If you're going to do that, then do it in the Astrodome and sell tickets, solicit corporate sponsorship, merchandising, television rights, the whole nine yards. If publicizing supposedly deters and the public loves capital punishment so much, why not? Back when executions were public they always drew a crowd.
Consider the idea a freebie revenue generator in tight budget times. People watch "Bait Car" on television, for heaven's sake, how could they resist watching an actual state-sponsored snuff film?
Posted by: Gritsforbreakfast | Aug 17, 2010 10:42:48 AM
Actually, we should sell tickets to his counseling and rehab sessions. If we're going to see a circus, it might as well be a real one.
As ever, there are no misgivings whatever expressed about the defendant's conduct, only with the state's, even though the execution has been reviewed for years by one court after the next.
A total pacifist might find something wrong with executing this guy, and I'd respect that. But being OUTRAGED by this execution -- as opposed to simply disagreeing with it -- is, well, revealing.
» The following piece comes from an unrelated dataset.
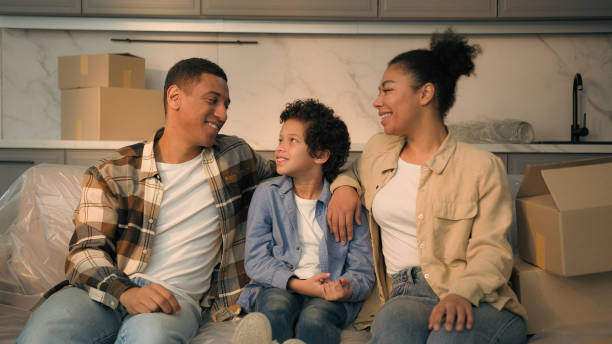 Happy joyful parents mom dad little child boy kid son together on couch relocation moving day smiling African American family home owners relax on sofa buy rent house real estate mortgage bank credit Happy joyful parents mom dad little child boy kid son together on couch relocation moving day smiling African American family home owners relax on sofa buy rent house real estate mortgage bank credit. High quality photo mum new boyfriend stock pictures, royalty-free photos & images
This grotesque rapist/killer reminds me of Timmy McVeigh -- once the details get known, a majority of even those normally opposed on principle to captial punishment would think it's the right thing to do in this instance.
Posted by: Bill Otis | Aug 17, 2010 4:11:35 PM
Bill, do you really mean to suggest that Grits may have no "misgivings" about Cantu's conduct -- that is, that Grits thinks that the original crime was ok? I think that's fairly outrageous, as well as a distraction from any kind of serious discussion. There is no public debate about whether murder should continue to be a crime, but there is one about whether the death penalty is an appropriate response.
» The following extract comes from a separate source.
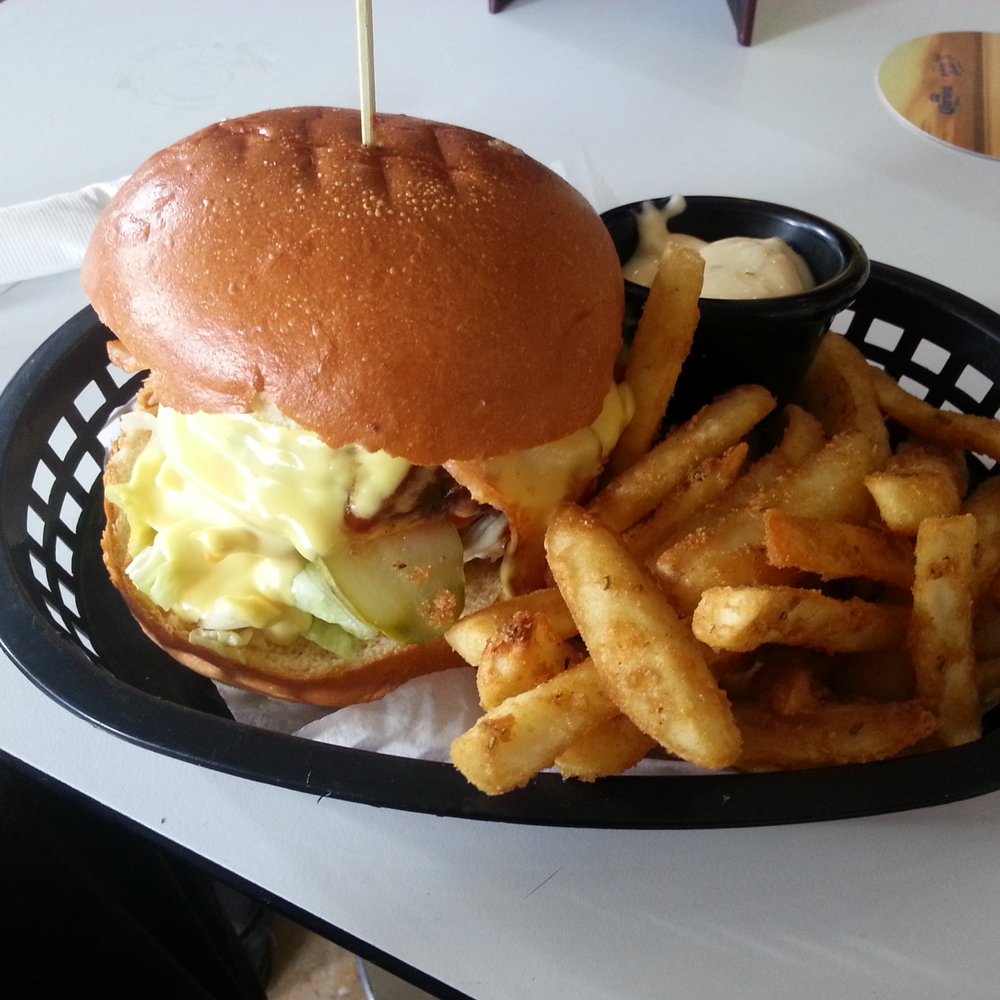 Angus Beef Burger, with streaky bacon, American cheese, pickles, iceberg lettuce, BBQ sauce, mustard mayo. Accompanied by fries and aioli.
Posted by: Jay | Aug 17, 2010 5:01:25 PM
Jay, the cheap shot is Bill's go-to move. Take that away from him and he'd have nothing. I say let him have it.
Posted by: Gritsforbreakfast | Aug 17, 2010 7:09:11 PM
Of course, Grits silly little post about selling tickets etc. wasn't exactly decorous either. Riffing off the statements of a dead girl's father lacks class.
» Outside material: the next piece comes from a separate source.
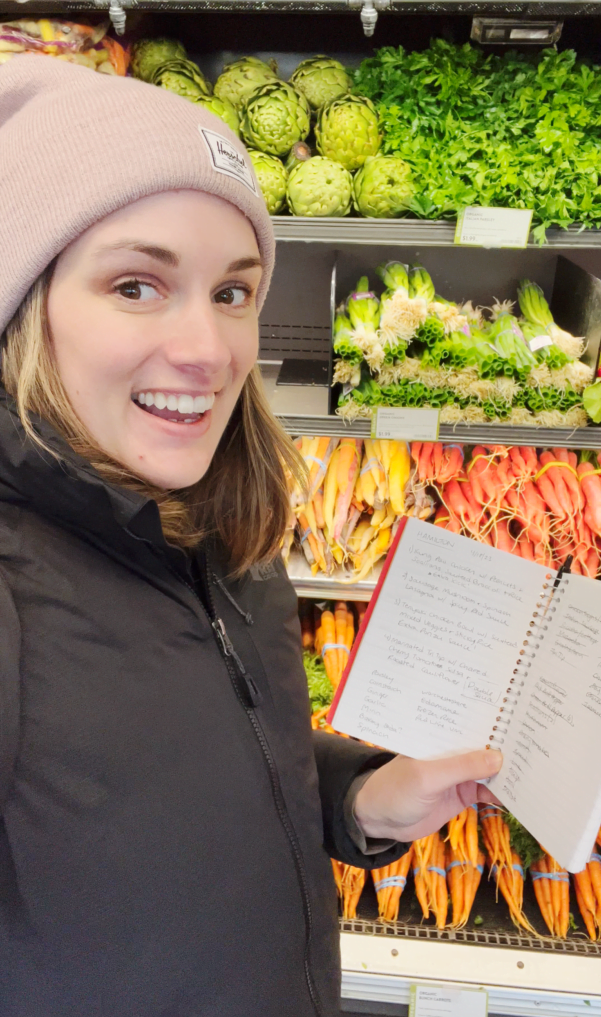 A person wearing a beanie and jacket smiles while holding a notebook in front of a grocery store produce section with various vegetables, perhaps noting ingredients for some simple hospitality etiquette tips.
Posted by: federalist | Aug 17, 2010 8:38:08 PM
Jay,
What I actually said was,"As ever, there are no misgivings whatever expressed about the defendant's conduct..."
Do you see the word "expressed" in there? Do you know what it means?
"I think that's fairly outrageous, as well as a distraction from any kind of serious discussion."
I have undertaken any number of serious discussions of the death penalty, including among others this one, http://www.fed-soc.org/debates/dbtid.20/default.asp.
I must have missed, however, the part of your post that itself contains a serious discussion of the death penalty. Where would that be?
And, as federalist notes, Grits' post is unserious. But you do not take him to task for being flip. Why not?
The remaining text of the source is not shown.